More in the Series – Frances
“More in the Series” scores the other books in a series where one (or more) of the books have made it into the 1001 Books list. Mostly because I’m a bit of a completionist.
POINTS: 5 out of 10.
Bechdel: 1 point
Variety of characters: 0 points
Good story: 2 points.
Discretionary ideological points: 2 points.
I was fairly lukewarm about the first Frances book I reviewed on here, but, while this one scores only slightly higher, I enjoyed it a lot more than the first one. Where in the first one, Frances’ parents’ style of parenting felt far too indulgent to me, in this book it feels more like gentle reverse psychology than giving in to demands. And I have to love Frances’ spirit and fire.

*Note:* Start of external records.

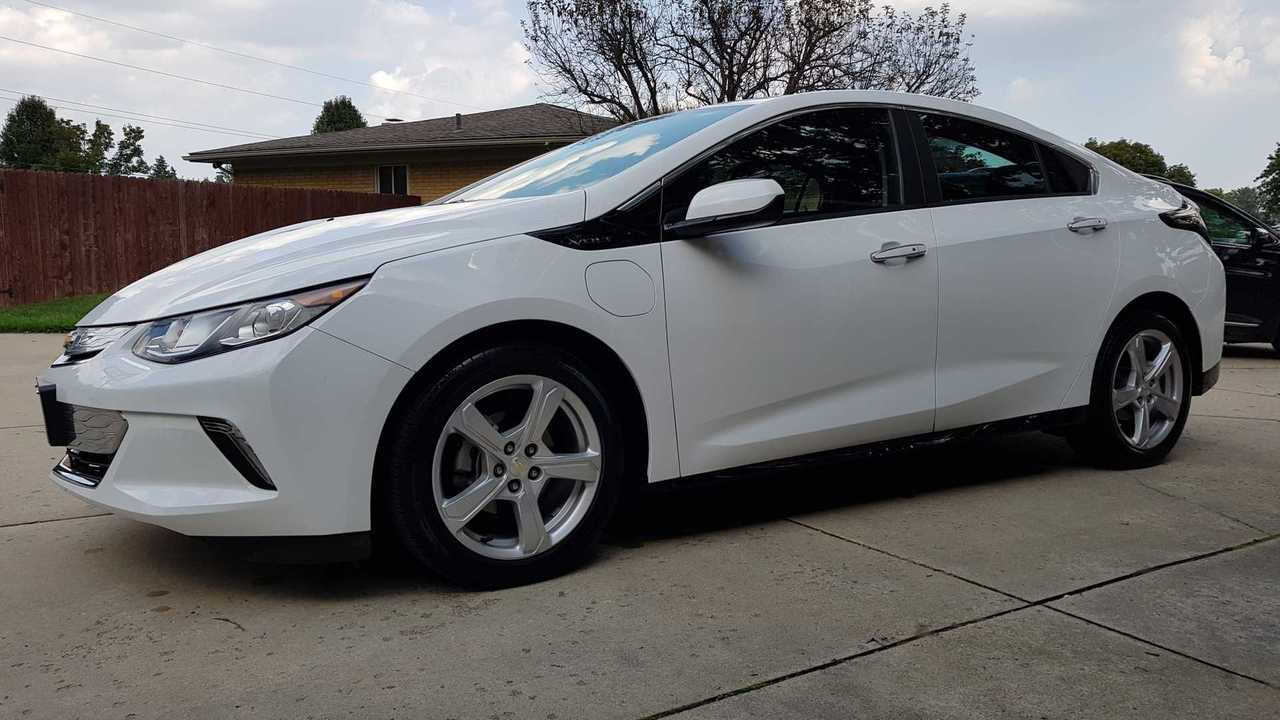 2017 chevrolet volt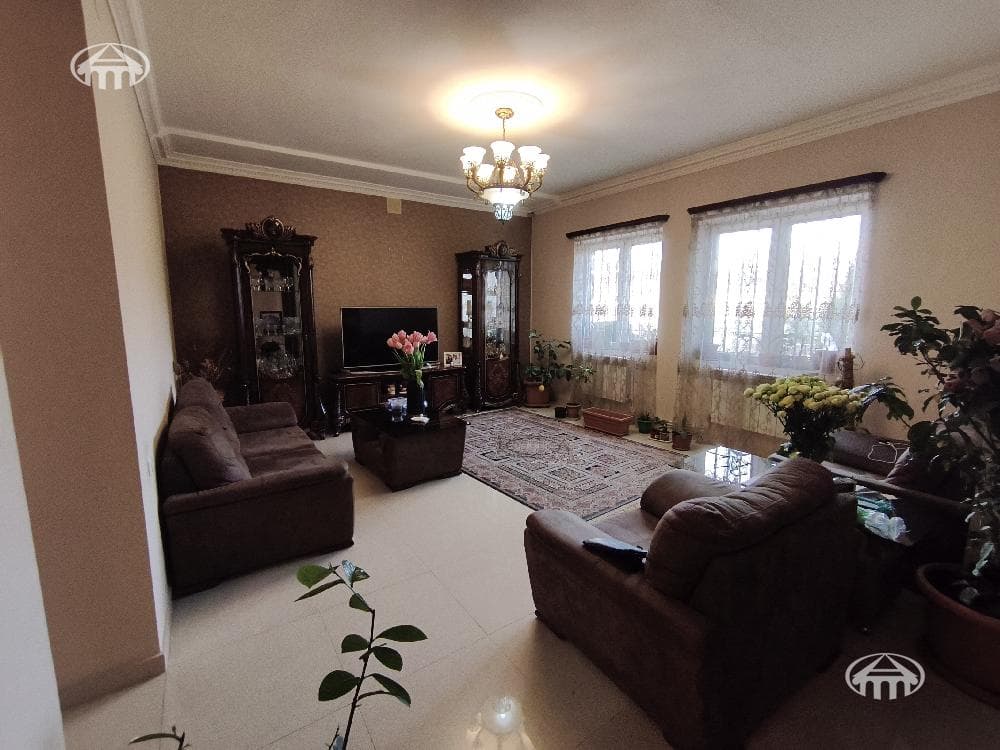 Особняк · 5 комн. · 299 м² · В.Птгни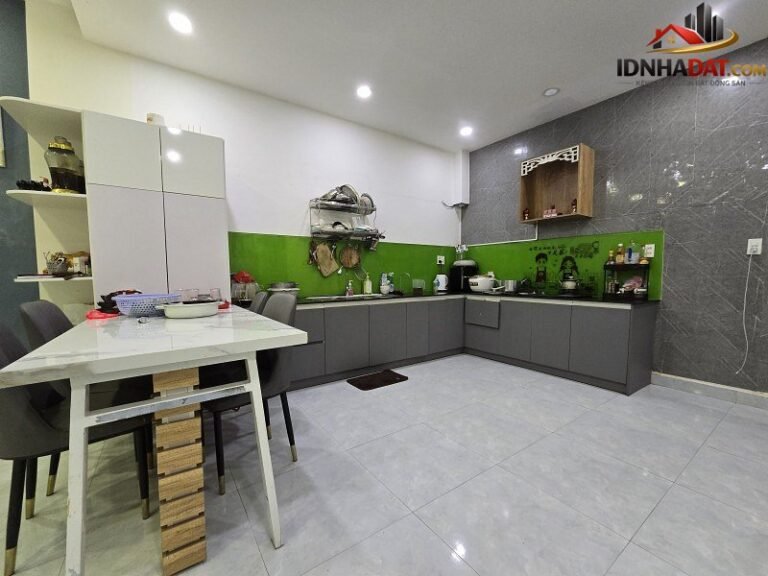 Nhà mặt tiền lỗ giáng 100m2, 2 tầng gần chợ hòa xuân, giá chỉ 6.5 tỷ Bán nhà đất Đường Lỗ Giáng – Phường cũ Hòa Xuân Quận Cẩm Lệ – Phường mới Hòa Xuân – Thành phố Đà Nẵng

It passes the Bechdel significantly more emphatically than the first book – Frances has a couple of much more in depth conversations with her mother. And it addresses the complicated feelings an older child may have about a new baby sibling with compassion and warmth. Frances is obviously a bit put out by her parents’ divided attention, but at the same time is pretty proud of her new role as big sister.
When she “runs away” (to under the dining room table), her parents have a really lovely conversation about her as if she wasn’t there about her important role in their new and changing family, and about how much they love the songs she makes up. I love how their appreciation and love for her is entirely connected with who she is and not just a simple lip-service to the parent-child bond.
There’s a lot going on in this book, given its audience. Hoban has a knack for addressing the complexities of the emotions going on, without making it too dense or even too saccharine. He doesn’t go for the simple answers, really, and retains a real sense of Frances as a character – no easy feat in a children’s book. Bedtime for Frances lacked, in my opinion, this nuance, but in this one, he has definitely hit his stride, and captured the complexity and warmth of real familial affection.
What do you think? Do you agree that this is better than the first one? What’s your favourite Frances book? Do you know of other children’ books that manage to hit this kind of nuance?